Bernie Sanders challenges MLB's antitrust exemption
MLB's antitrust exemption turns 100 this May. If Sen. Bernie Sanders (D-Vt.) has his way, it won't reach 101.
Driving the news: Sanders on Tuesday introduced the Save American Baseball Act. If passed, MLB wouldn't have as much free rein to conduct business as it sees fit — particularly in the minor leagues.
The big picture: MLB is the only league that enjoys this exemption, and politicians have frequently threatened to revoke it following events they view as unsavory (lockouts, minor league contraction, etc.).
Catch up quick: In 1915, the Baltimore Terrapins of the upstart Federal League sued MLB for violating the Sherman Antitrust Act of 1890, which prohibits anticompetitive business practices.
- The U.S. Supreme Court in 1922 unanimously ruled in MLB's favor, arguing baseball games were local affairs, not interstate commerce.

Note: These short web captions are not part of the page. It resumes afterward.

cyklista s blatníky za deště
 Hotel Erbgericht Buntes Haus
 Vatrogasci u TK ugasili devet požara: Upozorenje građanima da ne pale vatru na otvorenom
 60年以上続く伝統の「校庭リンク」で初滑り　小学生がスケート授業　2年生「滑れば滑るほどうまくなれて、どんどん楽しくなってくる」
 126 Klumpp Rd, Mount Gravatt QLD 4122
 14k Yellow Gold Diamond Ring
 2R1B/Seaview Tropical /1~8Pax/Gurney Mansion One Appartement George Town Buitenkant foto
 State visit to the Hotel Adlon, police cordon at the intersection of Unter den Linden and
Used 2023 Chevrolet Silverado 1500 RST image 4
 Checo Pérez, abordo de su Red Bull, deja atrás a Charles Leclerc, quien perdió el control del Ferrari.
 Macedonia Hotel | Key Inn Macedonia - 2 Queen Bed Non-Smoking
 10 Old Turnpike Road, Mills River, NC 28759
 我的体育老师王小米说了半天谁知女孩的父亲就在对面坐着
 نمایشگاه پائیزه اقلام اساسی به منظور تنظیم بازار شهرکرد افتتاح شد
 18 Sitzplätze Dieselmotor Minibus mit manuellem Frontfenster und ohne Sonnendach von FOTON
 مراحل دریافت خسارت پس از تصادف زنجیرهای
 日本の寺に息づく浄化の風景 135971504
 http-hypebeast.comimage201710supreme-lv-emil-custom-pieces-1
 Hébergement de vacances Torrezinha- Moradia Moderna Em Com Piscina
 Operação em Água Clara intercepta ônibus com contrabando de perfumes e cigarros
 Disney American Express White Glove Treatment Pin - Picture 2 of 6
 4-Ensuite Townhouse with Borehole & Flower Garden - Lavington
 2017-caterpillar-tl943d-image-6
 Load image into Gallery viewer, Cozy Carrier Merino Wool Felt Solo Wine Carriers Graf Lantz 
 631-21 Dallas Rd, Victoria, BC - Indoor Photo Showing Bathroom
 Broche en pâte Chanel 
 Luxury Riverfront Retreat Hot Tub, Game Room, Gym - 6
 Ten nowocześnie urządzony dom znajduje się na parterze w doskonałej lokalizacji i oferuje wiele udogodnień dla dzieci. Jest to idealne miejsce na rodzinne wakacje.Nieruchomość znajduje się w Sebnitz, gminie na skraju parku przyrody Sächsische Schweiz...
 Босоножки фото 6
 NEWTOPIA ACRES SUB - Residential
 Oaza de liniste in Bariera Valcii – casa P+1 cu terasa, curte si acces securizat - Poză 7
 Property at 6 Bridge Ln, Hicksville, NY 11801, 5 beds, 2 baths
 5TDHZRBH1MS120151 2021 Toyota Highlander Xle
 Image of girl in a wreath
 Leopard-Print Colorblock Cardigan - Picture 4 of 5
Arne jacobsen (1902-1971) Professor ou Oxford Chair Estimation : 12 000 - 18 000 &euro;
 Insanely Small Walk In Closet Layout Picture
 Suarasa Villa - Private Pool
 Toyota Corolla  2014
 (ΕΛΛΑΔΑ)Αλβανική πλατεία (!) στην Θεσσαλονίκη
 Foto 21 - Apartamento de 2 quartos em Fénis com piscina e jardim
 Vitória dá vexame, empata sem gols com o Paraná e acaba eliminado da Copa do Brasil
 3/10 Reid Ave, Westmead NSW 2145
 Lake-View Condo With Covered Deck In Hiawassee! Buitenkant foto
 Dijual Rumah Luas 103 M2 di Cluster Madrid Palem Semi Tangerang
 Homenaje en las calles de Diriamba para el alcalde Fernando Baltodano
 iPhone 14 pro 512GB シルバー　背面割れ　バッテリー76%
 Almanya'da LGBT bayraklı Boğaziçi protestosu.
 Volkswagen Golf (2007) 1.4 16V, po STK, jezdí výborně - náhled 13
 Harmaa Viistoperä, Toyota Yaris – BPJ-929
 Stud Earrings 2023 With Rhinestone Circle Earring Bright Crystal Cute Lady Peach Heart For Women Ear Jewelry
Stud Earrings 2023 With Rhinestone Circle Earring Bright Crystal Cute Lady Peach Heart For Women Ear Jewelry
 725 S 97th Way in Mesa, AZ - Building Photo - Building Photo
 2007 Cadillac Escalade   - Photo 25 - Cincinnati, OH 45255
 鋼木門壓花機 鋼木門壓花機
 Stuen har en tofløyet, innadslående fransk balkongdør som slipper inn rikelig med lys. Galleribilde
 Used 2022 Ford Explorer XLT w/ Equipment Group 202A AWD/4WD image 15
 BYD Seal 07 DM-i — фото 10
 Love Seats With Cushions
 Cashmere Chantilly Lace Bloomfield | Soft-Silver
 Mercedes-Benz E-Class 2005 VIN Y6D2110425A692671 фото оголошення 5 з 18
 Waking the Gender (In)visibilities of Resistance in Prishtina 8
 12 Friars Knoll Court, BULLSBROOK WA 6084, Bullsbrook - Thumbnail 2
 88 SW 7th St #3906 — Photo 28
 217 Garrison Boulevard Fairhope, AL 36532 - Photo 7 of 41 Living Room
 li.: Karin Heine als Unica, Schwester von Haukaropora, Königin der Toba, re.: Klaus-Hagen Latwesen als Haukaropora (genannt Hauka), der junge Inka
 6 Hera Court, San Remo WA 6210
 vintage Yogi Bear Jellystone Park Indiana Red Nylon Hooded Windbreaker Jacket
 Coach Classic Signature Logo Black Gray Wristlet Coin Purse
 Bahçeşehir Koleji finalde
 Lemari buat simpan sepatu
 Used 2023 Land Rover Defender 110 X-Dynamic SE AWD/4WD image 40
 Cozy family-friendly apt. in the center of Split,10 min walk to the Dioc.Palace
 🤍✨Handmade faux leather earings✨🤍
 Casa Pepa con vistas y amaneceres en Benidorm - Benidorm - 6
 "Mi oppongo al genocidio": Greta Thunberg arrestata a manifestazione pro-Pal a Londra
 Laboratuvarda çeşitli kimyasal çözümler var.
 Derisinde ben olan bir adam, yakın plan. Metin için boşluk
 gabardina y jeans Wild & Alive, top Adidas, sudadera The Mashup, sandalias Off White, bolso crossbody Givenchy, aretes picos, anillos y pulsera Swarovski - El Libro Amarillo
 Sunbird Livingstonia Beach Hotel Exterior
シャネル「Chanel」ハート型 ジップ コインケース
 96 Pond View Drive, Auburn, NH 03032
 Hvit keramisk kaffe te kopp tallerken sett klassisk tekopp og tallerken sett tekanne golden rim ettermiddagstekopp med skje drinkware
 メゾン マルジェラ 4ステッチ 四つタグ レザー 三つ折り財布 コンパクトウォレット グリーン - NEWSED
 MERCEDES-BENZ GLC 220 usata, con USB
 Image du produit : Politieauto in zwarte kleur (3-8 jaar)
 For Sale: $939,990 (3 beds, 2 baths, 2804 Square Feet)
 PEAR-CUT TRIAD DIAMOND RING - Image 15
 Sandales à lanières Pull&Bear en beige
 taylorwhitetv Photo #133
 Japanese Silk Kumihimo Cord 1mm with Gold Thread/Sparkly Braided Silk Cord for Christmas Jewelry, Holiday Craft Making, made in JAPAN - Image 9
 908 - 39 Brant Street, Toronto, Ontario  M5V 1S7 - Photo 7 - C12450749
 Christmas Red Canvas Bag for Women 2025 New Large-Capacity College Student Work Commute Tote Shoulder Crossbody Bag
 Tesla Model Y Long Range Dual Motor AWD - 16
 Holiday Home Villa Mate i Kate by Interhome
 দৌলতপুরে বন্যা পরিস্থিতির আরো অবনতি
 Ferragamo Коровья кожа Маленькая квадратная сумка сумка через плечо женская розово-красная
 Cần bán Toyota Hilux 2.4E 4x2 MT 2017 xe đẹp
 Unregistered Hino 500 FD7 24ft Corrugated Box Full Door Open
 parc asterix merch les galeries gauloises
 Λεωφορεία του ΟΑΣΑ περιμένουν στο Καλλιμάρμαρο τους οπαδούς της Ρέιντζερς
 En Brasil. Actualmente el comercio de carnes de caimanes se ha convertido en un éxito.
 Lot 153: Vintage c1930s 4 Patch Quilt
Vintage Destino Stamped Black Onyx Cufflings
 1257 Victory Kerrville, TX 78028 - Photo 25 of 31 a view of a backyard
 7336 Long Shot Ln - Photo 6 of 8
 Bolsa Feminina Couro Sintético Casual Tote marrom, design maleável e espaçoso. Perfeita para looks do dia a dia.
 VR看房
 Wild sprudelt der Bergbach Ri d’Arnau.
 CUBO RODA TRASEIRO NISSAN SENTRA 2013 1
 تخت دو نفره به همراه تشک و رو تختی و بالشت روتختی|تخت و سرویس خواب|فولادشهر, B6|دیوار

- The decision has been challenged through the years, most famously in Curt Flood's 1972 case arguing for free agency, but has always been upheld by the Supreme Court.
State of play: As it stands, MLB can legally squash rival leagues, prohibit franchise relocation to markets it doesn't want teams to enter and suppress minor league wages.
- If the exemption were revoked, minor leaguers could negotiate contracts in a way that would effectively end the current system.
- MLB also wouldn't have been able to unilaterally contract 42 minor league franchises as it did in 2020 (one of which was Sanders' local single-A team, the Vermont Lake Monsters).